Como se percebe, principalmente no sudeste do país, são, sobretudo, os negros que movimentam os grandes espaços de consumo, os shoppings populares instalados nos centros das metrópoles, os hipermercados – evitados, claramente, pelos brancos ricos, que recorrem agora a luxuosos mercadinhos, feitos meio que exclusivamente para eles -,  espaços que hoje se nos afiguram como legítimos mundos negros, como a 25 de março em SP e a Oiapoque em BH.
Não há dúvida de que os negros - como parte do segmento pobre brasileiro, como parte dos cerca de 36 milhões que migraram (de onde mesmo?) para a classe C, conforme o discurso governamental – estão consumindo mais atualmente, na exaltada boa fase da economia brasileira. Mas não pode haver dúvida também, da parte de quem ousa estar com a verdade, de que a qualidade dos produtos consumidos pelos negros é inferior à dos socioeconomicamente brancos, é, como hoje se diz, “meia-boca”.

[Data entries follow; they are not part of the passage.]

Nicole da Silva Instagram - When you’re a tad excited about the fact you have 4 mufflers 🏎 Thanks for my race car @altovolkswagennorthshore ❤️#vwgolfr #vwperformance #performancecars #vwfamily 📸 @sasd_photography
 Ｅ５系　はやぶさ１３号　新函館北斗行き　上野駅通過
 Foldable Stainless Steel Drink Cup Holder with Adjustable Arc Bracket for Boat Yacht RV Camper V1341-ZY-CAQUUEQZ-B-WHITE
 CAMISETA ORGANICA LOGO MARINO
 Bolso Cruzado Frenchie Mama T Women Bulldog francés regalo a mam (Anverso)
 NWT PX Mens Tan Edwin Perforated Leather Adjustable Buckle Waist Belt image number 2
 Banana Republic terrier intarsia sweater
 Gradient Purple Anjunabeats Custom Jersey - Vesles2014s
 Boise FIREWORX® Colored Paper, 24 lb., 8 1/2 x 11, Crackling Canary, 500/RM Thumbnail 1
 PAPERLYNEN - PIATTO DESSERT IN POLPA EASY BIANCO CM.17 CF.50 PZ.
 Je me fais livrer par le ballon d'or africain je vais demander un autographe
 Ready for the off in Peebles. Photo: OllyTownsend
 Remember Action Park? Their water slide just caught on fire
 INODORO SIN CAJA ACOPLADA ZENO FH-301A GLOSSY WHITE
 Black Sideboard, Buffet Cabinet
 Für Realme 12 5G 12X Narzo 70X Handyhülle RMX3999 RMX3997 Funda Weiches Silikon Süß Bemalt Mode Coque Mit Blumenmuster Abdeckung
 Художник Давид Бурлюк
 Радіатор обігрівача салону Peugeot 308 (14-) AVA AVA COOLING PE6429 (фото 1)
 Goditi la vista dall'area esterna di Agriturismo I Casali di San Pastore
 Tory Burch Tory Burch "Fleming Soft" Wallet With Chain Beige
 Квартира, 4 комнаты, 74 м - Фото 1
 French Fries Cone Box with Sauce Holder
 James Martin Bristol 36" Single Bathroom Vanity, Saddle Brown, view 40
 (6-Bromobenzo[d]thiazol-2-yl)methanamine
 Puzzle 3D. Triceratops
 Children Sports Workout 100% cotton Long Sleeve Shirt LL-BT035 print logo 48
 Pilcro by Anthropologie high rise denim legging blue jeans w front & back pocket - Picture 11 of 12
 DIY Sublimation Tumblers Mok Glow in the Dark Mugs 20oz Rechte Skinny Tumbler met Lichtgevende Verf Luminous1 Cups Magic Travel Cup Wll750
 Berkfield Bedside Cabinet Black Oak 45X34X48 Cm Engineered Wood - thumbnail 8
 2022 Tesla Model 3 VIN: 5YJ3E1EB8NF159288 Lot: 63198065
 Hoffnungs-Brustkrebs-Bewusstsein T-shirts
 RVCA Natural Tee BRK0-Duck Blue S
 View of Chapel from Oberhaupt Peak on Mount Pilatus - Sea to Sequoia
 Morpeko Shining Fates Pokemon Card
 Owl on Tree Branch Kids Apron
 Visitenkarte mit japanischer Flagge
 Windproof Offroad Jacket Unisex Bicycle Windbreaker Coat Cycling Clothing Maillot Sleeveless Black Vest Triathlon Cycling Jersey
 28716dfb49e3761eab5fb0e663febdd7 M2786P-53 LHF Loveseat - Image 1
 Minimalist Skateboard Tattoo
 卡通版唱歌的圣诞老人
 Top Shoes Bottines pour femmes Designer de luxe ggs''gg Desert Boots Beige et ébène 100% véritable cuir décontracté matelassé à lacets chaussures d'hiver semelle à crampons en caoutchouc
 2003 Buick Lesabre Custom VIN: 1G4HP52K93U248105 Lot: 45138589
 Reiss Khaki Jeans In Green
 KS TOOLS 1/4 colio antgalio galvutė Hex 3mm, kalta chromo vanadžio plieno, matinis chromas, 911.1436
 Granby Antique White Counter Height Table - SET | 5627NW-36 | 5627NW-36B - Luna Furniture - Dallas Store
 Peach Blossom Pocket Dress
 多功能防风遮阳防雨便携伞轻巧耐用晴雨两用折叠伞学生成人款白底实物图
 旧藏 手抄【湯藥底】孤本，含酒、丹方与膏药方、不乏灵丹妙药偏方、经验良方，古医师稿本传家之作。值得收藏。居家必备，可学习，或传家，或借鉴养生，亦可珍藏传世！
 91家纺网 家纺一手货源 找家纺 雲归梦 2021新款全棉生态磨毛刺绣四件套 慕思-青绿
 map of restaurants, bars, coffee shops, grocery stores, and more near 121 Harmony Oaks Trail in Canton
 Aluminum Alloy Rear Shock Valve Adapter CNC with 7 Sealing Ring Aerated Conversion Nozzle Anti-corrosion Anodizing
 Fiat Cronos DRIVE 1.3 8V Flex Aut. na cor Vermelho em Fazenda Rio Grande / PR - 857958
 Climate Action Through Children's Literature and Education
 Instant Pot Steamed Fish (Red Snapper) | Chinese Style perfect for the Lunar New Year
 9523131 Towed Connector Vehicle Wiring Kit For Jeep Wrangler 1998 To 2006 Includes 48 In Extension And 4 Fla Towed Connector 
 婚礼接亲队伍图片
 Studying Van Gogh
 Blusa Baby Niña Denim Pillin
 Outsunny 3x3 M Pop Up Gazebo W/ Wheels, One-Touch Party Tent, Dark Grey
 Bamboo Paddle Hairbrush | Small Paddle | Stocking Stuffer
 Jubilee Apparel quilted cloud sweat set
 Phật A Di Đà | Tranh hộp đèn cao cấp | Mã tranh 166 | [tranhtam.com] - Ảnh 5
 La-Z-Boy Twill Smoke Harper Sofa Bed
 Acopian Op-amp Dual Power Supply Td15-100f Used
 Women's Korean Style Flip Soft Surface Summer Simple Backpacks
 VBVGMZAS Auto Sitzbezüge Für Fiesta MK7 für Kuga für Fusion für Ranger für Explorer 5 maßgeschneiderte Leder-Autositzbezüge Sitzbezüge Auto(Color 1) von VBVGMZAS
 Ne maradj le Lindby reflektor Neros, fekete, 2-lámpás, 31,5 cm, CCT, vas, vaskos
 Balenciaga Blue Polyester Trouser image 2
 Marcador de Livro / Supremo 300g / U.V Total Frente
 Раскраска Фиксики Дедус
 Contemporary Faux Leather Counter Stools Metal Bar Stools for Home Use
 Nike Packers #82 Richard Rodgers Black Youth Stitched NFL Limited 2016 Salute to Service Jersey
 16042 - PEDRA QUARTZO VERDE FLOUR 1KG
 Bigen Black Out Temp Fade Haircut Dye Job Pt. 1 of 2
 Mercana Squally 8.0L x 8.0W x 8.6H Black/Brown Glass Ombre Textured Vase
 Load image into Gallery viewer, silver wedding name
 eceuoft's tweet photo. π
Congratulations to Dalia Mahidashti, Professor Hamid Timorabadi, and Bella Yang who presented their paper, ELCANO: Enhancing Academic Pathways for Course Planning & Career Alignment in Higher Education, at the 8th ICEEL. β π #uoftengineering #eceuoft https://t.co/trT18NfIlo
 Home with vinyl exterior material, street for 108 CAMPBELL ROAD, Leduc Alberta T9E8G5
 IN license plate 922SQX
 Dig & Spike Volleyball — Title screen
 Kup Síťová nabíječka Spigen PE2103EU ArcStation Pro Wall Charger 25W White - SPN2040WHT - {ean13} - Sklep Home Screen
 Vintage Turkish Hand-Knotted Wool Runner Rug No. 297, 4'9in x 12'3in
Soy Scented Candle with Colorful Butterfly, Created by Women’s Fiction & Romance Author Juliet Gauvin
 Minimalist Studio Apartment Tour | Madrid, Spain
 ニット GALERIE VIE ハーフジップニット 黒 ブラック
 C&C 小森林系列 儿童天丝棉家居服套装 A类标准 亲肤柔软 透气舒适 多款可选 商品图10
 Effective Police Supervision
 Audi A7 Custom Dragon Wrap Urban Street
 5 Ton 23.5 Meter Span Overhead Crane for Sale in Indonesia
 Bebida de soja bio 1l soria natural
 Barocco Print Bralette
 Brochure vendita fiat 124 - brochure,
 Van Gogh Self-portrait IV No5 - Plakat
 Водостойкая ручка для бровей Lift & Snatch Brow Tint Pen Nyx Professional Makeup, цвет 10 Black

Há, portanto, uma visível barreira ao consumidor negro, que constitui, se a pensamos com o Néstor García Canclini de Consumidores e cidadãos (Editora UFRJ), um obstáculo à efetivação da sua cidadania numa sociedade que proclamam (as elites economicistas) como sendo do consumo.
Essa barreira não apenas pode como deve ser pensada em face da escravidão: o negro não é livre para consumir o que quiser – sobretudo, produtos simbólicos, artes, literatura, cinema, teatro etc -, não tem liberdade ainda, digamos, de consumo, evidentemente, em função dos seus baixos, baixíssimos, muitas vezes, “capital dinheiro” (Marx) e “capital cultural” (Bourdieu).
Saindo da esfera do consumo, podemos considerar, sempre de modo sintético, uma outra esfera estratégica em toda sociedade, para postular, aqui, a sociedade brasileira como um aterrorizante Museu Vivo da Escravidão, que é, obviamente, a esfera da representação pública, onde tudo, absolutamente tudo, é expressão de poder legitimado pela sociedade, onde só é quem realmente pode ser.
Em pleno – e aclamado e exibido e festejado - Estado de Direito Democrático, temos um número mínimo, insignificante, de negros – digo: negros mesmo, socialmente, politicamente, negros, não oportunistas, brancos que se se dizem negros quando lhes convêm – nos espaços de poder público, no Executivo, no Legislativo, no Judiciário e, também, nesse chamado quarto poder, que são os meios de comunicação hegemônicos. Basta este dado objetivo: temos um negro no Senado e um negro no Supremo Tribunal Federal.
Como entender este fato para além de Gilberto Freyre e dos apologistas da “democracia racial”? Como não compreender este fato senão da perspectiva de um controle da sociedade, nos termos consagrados pelas análises foucaultianas, bem como um controle do imaginário dessa sociedade, nos termos do crítico Luiz Costa Lima? Trata-se de um controle genérico e específico, do todo e de certas partes do social, que remonta claramente ao tempo da escravidão legal.
Trata-se de uma sociedade onde, para lembrar a indiana Gayatry Spivak de Pode o subalterno falar? (Editora UFMG), os subalternos, os negros, não podem, nunca puderam, falar. Podem trabalhar, podem fazer todo tipo de serviço braçal, especialmente os serviços mais sujos, podem suar a camisa. Não é esta, afinal, a grande imagem, a mais autêntica, que temos do Brasil? Negros e negras suando a camisa, carregando o país nas costas. Agora, na Era Lula-Dilma, é verdade que os negros em geral podem consumir mais produtos básicos, mas falar, decidir, sabemos que não – ainda não.
Negros trabalhando no pesado, nos campos e nas cidades, correndo atrás de bola, sambando nos morros desurbanizados, correndo de polícia, lavando pratos nas novelas da Globo (porque a arte, dizem os realistas mais estúpidos, imita a vida, não é?), negros sangrando atrás das grades, negros alcoolizados, drogados por toda parte, crianças, idosos e mulheres negras violentados historicamente e atirados à própria sorte – imagens do Museu Vivo da Escravidão que o Brasil preserva cinicamente e que suas autoridades precisam reconhecer e instituir nos termos da lei.